> INSTRUCTIONS TO FOLLOW:
Reproduce word for word every line from the one containing "Une baby-sitter folle" to the final line of the data below; omit the pictures.

DATA EXCERPT START

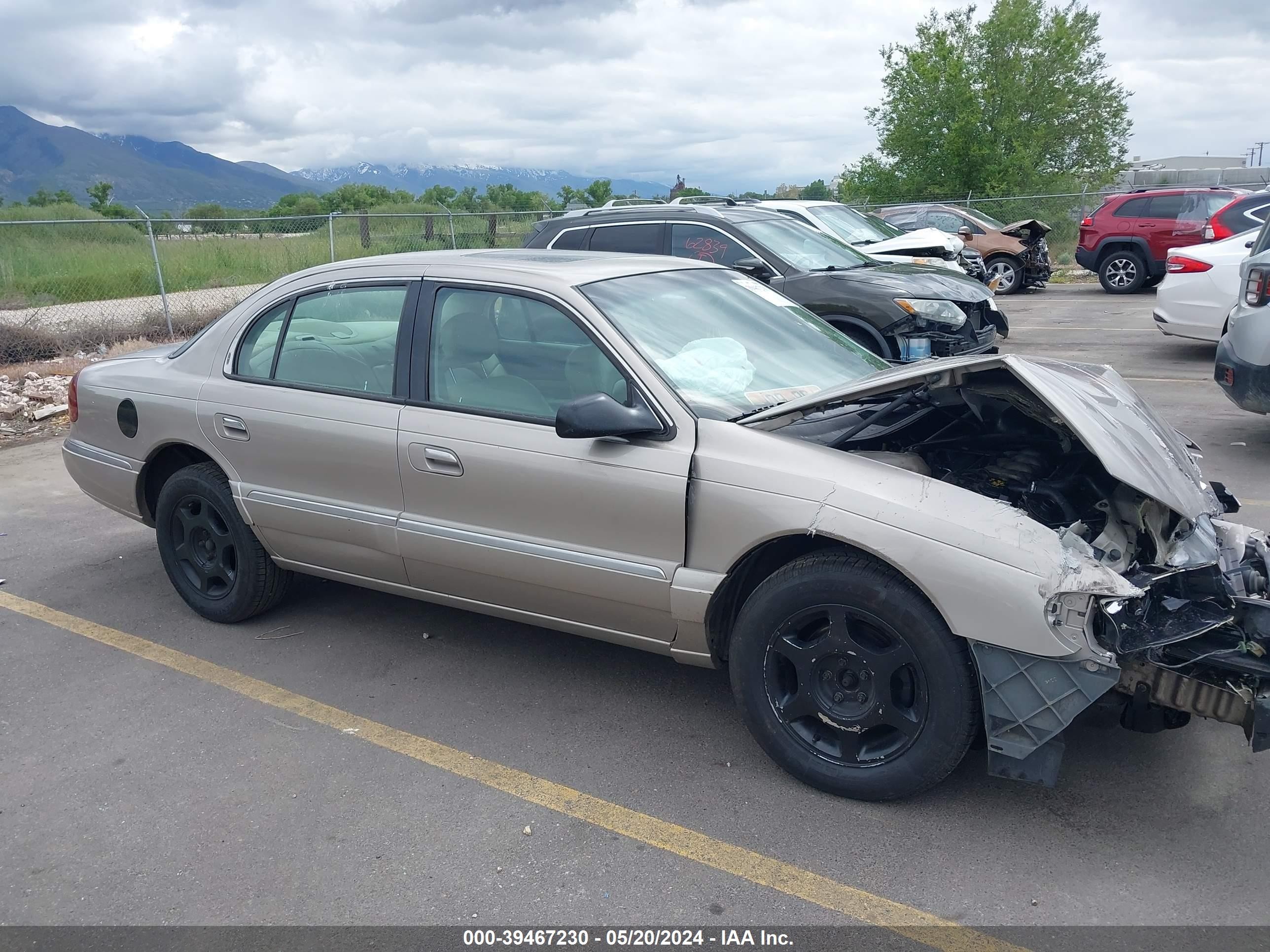 Photo 11 VIN: 1LNHM97V0XY697285 - LINCOLN CONTINENTAL 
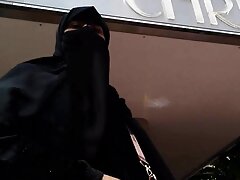 Une baby-sitter folle a attrapé un mec en train de branler son énorme boner video pornodingue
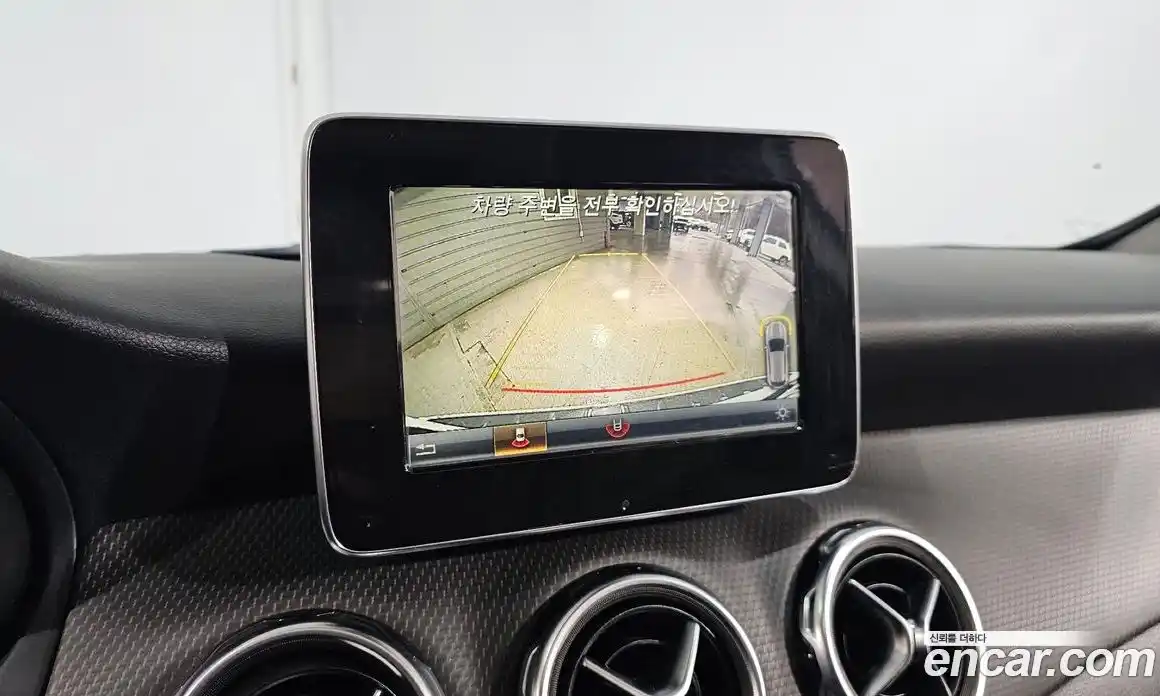 Mercedes-Benz GLA-Class 2019 2.0 Автомат в Москве № 160670, фото 8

DATA EXCERPT END

> SOLVED EXERCISE:
 Une baby-sitter folle a attrapé un mec en train de branler son énorme boner video pornodingue
 Mercedes-Benz GLA-Class 2019 2.0 Автомат в Москве № 160670, фото 8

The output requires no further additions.